As used herein, the term “portable financial device” may refer to a payment card (e.g., a credit or debit card), a gift card, a smartcard, smart media, a payroll card, a healthcare card, a wristband, a machine-readable medium containing account information, a keychain device or fob, an RFID transponder, a retailer discount or loyalty card, a cellular phone, an electronic wallet mobile application, a personal digital assistant (PDA), a pager, a security card, a computer, an access card, a wireless terminal, a transponder, and/or the like. In some non-limiting embodiments, the portable financial device may include volatile or non-volatile memory to store information (e.g., an account identifier, a name of the account holder, and/or the like).
As used herein, the term “payment gateway” may refer to an entity and/or a payment processing system operated by or on behalf of such an entity (e.g., a merchant service provider, a payment service provider, a payment facilitator, a payment facilitator that contracts with an acquirer, a payment aggregator, and/or the like), which provides payment services (e.g., transaction service provider payment services, payment processing services, and/or the like) to one or more merchants. The payment services may be associated with the use of portable financial devices managed by a transaction service provider. As used herein, the term “payment gateway system” may refer to one or more computer systems, computer devices, servers, groups of servers, and/or the like operated by or on behalf of a payment gateway and/or to a payment gateway itself. The term “payment gateway mobile application” may refer to one or more electronic devices and/or one or more software applications configured to provide payment services for transactions (e.g., payment transactions, electronic payment transactions, and/or the like).

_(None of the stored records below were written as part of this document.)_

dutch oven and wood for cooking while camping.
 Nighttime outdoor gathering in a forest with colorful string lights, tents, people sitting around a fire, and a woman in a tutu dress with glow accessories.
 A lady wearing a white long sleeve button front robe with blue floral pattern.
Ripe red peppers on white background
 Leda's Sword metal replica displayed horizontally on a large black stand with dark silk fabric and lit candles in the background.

As used herein, the terms “client” and “client device” may refer to one or more client-side devices or systems (e.g., remote from a transaction service provider) used to initiate or facilitate a transaction (e.g., a payment transaction). As an example, a “client device” may refer to one or more POS devices used by a merchant, one or more acquirer host computers used by an acquirer, one or more mobile devices used by a user, and/or the like. In some non-limiting embodiments, a client device may be an electronic device configured to communicate with one or more networks and initiate or facilitate transactions. For example, a client device may include one or more computers, portable computers, laptop computers, tablet computers, mobile devices, cellular phones, wearable devices (e.g., watches, glasses, lenses, clothing, and/or the like), PDAs, and/or the like. Moreover, a “client” may also refer to an entity (e.g., a merchant, an acquirer, and/or the like) that owns, utilizes, and/or operates a client device for initiating transactions (e.g., for initiating transactions with a transaction service provider).

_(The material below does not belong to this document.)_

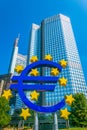 Euro sign in front of Eurotower in Frankfurt, Germany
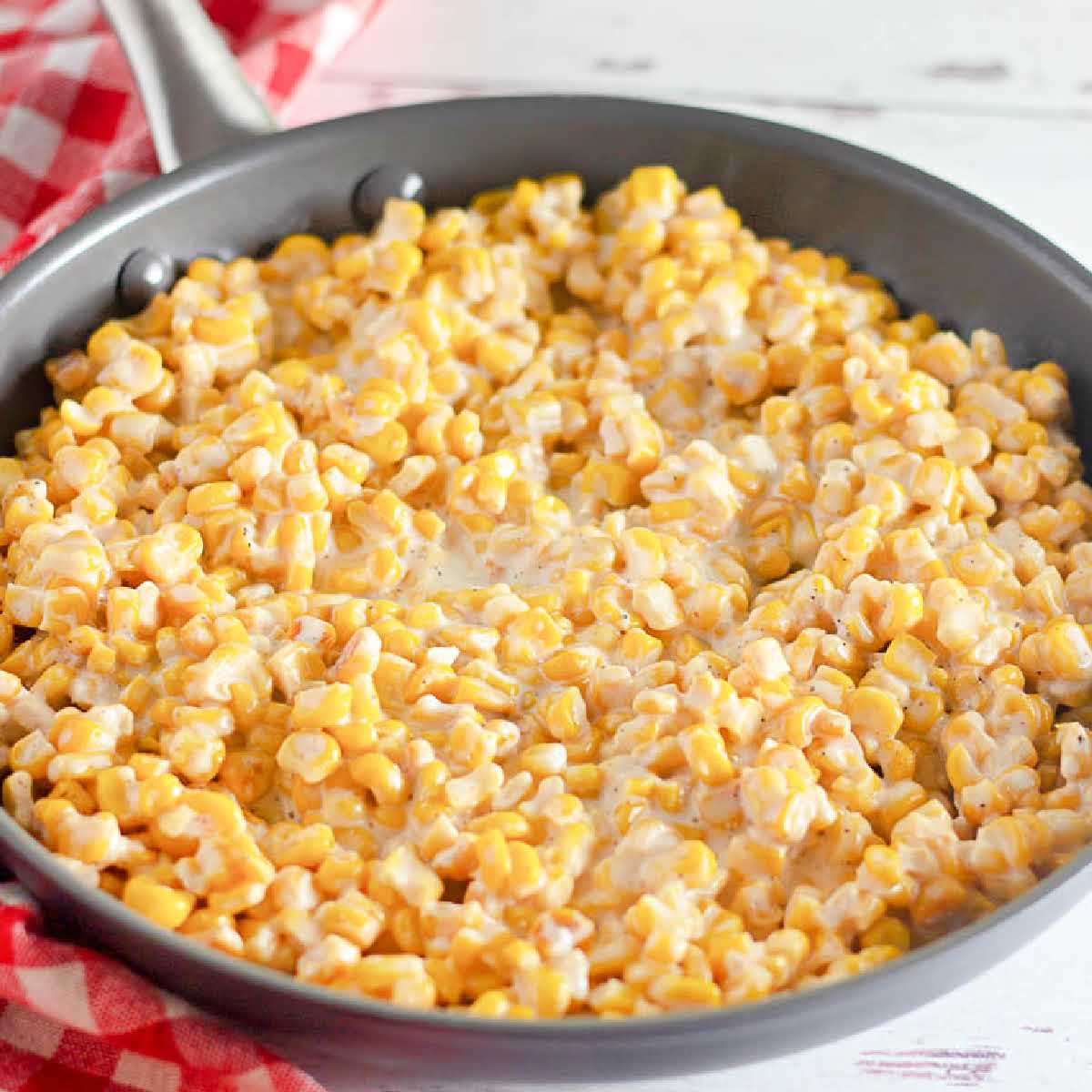 Close up view of homemade creamed corn in a skillet.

As used herein, the term “server” may refer to one or more computing devices (e.g., processors, storage devices, similar computer components, and/or the like) that communicate with client devices and/or other computing devices over a network (e.g., a public network, the Internet, a private network, and/or the like) and, in some examples, facilitate communication among other servers and/or client devices. It will be appreciated that various other arrangements are possible. As used herein, the term “system” may refer to one or more computing devices or combinations of computing devices (e.g., processors, servers, client devices, software applications, components of such, and/or the like). Reference to “a device,” “a server,” “a processor,” and/or the like, as used herein, may refer to a previously-recited device, server, or processor that is recited as performing a previous step or function, a different server or processor, and/or a combination of servers and/or processors. For example, as used in the specification and the claims, a first server or a first processor that is recited as performing a first step or a first function may refer to the same or different server or the same or different processor recited as performing a second step or a second function.

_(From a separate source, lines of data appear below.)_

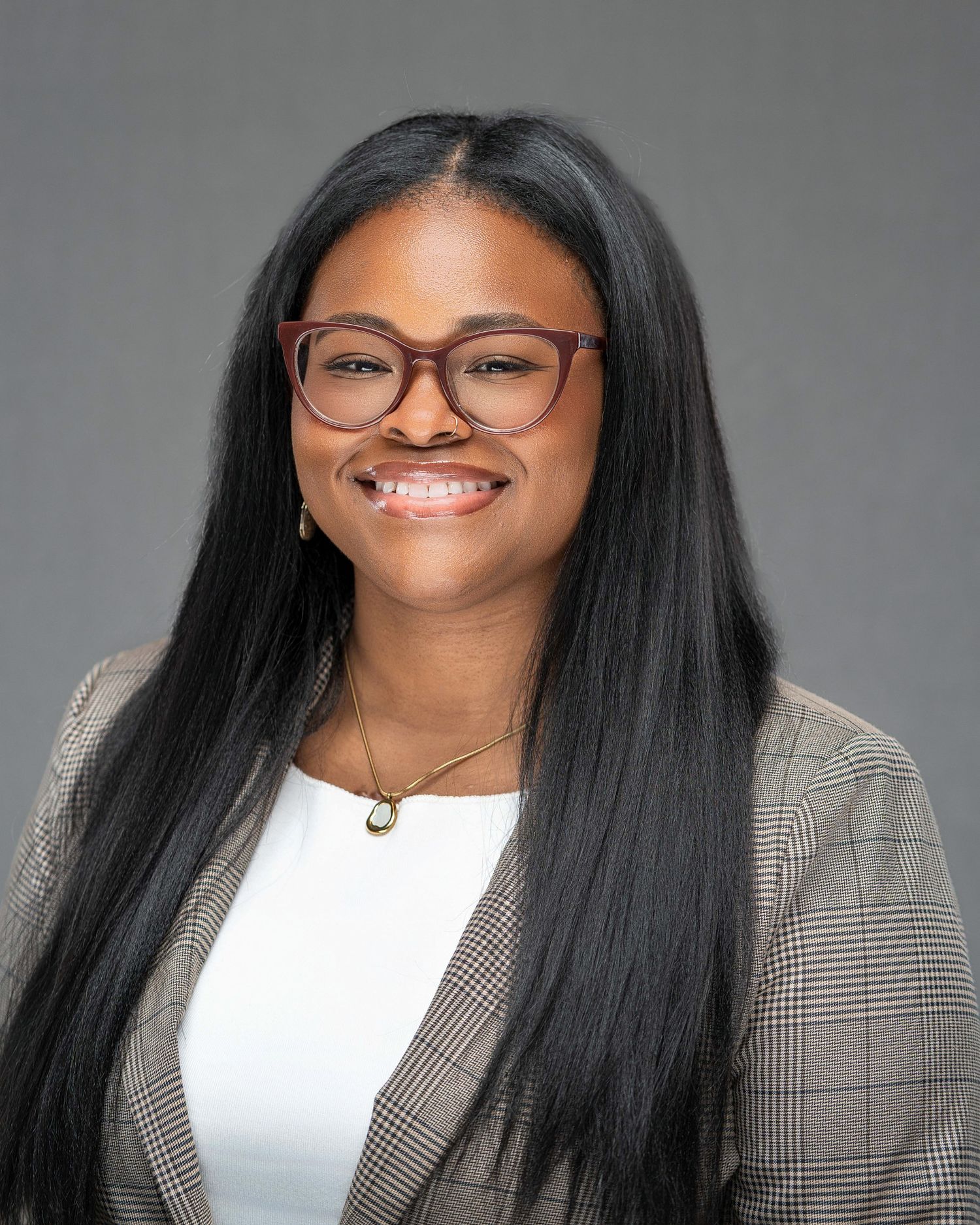 Professional headshot series with black-rimmed glasses and bright smile against gray backdrop.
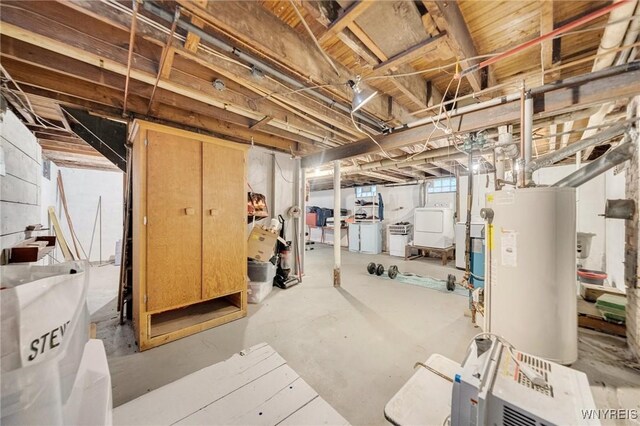 2486 Willow Ave, Niagara Falls, NY 14305 - basement featuring gas water heater and washer and clothes dryer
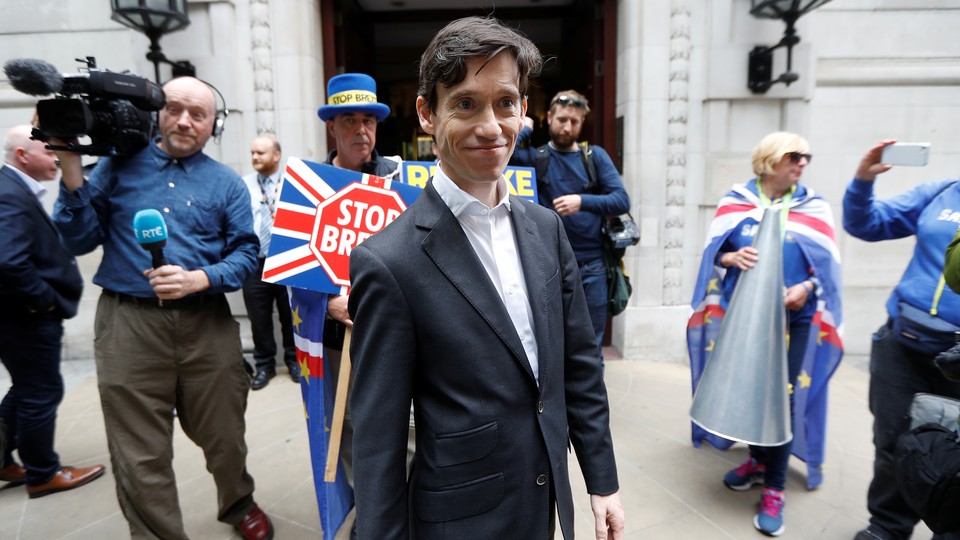 Rory Stewart emerges from TV studios in Westminster, London. A protester holding a sign reading "Stop Brexit" stands in the background.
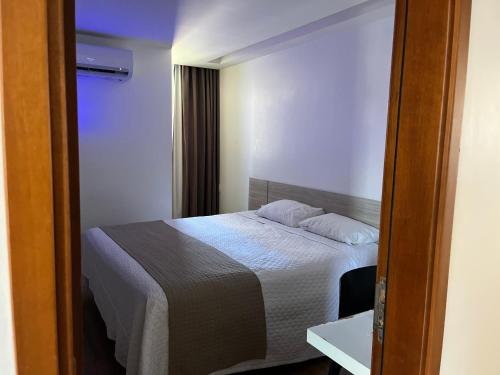 Ένα ή περισσότερα κρεβάτια σε δωμάτιο στο Mcz Hotel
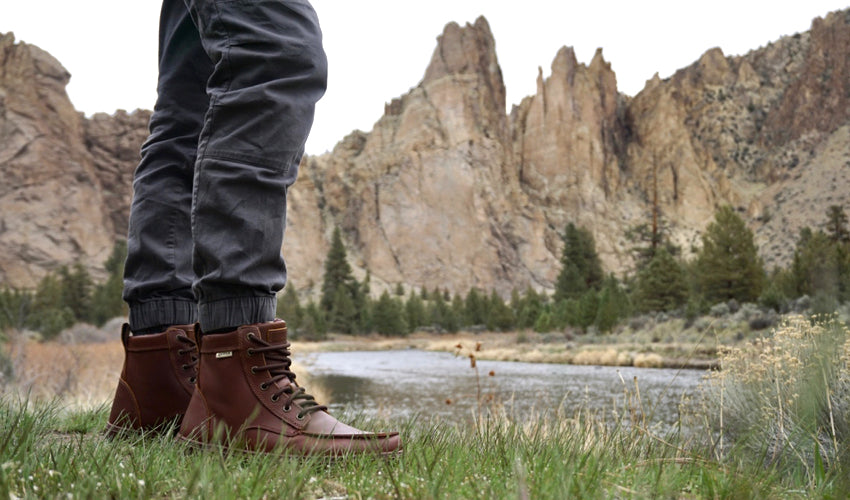 Person wearing the Lems Boulder Boot in Leather Russet and standing in a grassy field with mountains and stream in the background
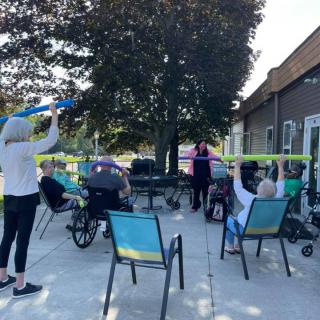 A group of seniors participates in an outdoor exercise session on a sunny day.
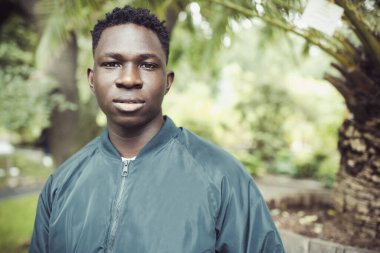 Bombacı ceketli genç Afrikalı bir adam parkta ya da açık havada. Sonbahar ya da bahar mevsimi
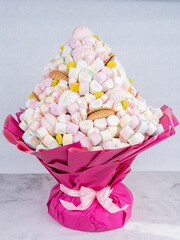 Sweet bouquet of Marshmallows sweets, beautifully decorated, lies on a gray background. There is a place for text.Holiday concept, congratulations.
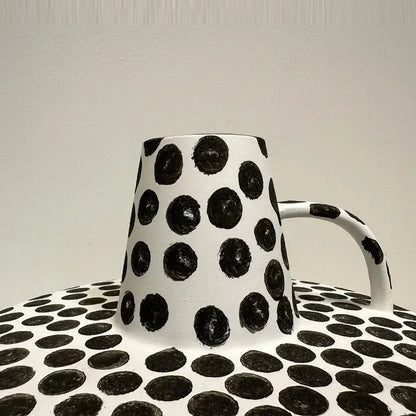 White ceramic mug with bold black white dots and matching handle on coordinating dotted decorbites black white surface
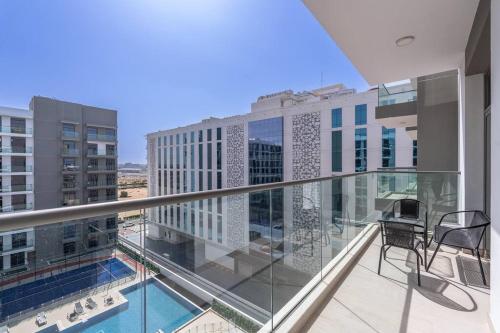 a balcony with a view of a building at Brand New Listing & Studio City & Czechin in Dubai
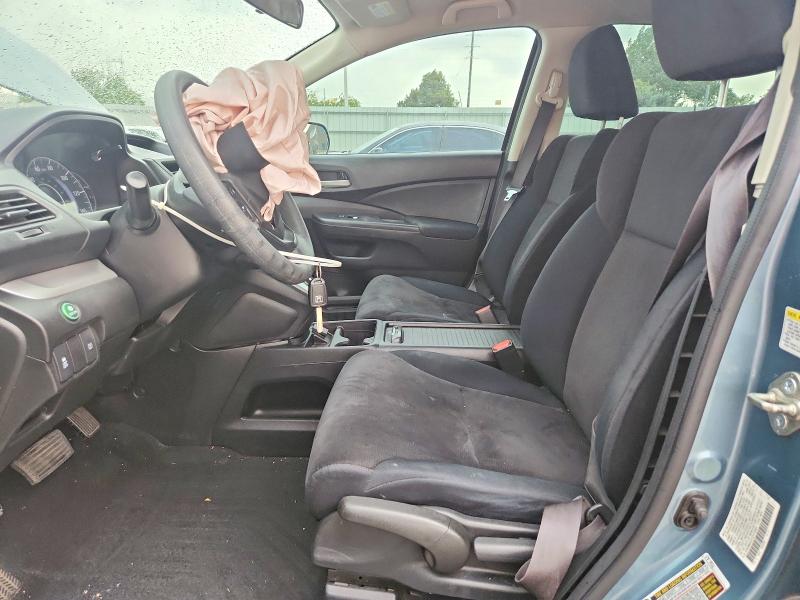 Photo 7 from auction – 2014 HONDA CR-V with VIN 2HKRM4H31EH719009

Non-limiting embodiments of the disclosed subject matter are directed systems, methods, and computer program products for aggregation of data, including, but not limited to, real-time event data such as transaction data from an electronic payment network. For example, non-limiting embodiments of the disclosed subject matter provide determining one or more key(s) based on one or more portion(s) of the data for each event (e.g., transaction). Such embodiments provide the techniques and systems for quickly and efficiently determining values for requested aggregations through using the key(s) to efficiently store and/or sort the data in one or more map data structure(s) such that data is highly accessible (e.g., data entries can be quickly searched to identify relevant entries by searching just the (sorted) key(s) associated with each entry) and computation can be reduced, for example, in comparison to techniques that search through raw data directly. Moreover, the aggregations may be determined/calculated reactively, e.g., only in response to user requests, without the need to proactively calculate/store the state of all variables of potential interest for every predetermined time period of potential interest, thus providing the advantage of saving the computing resources such proactive techniques devote to calculate and store such information while providing similarly low latency and greater flexibility.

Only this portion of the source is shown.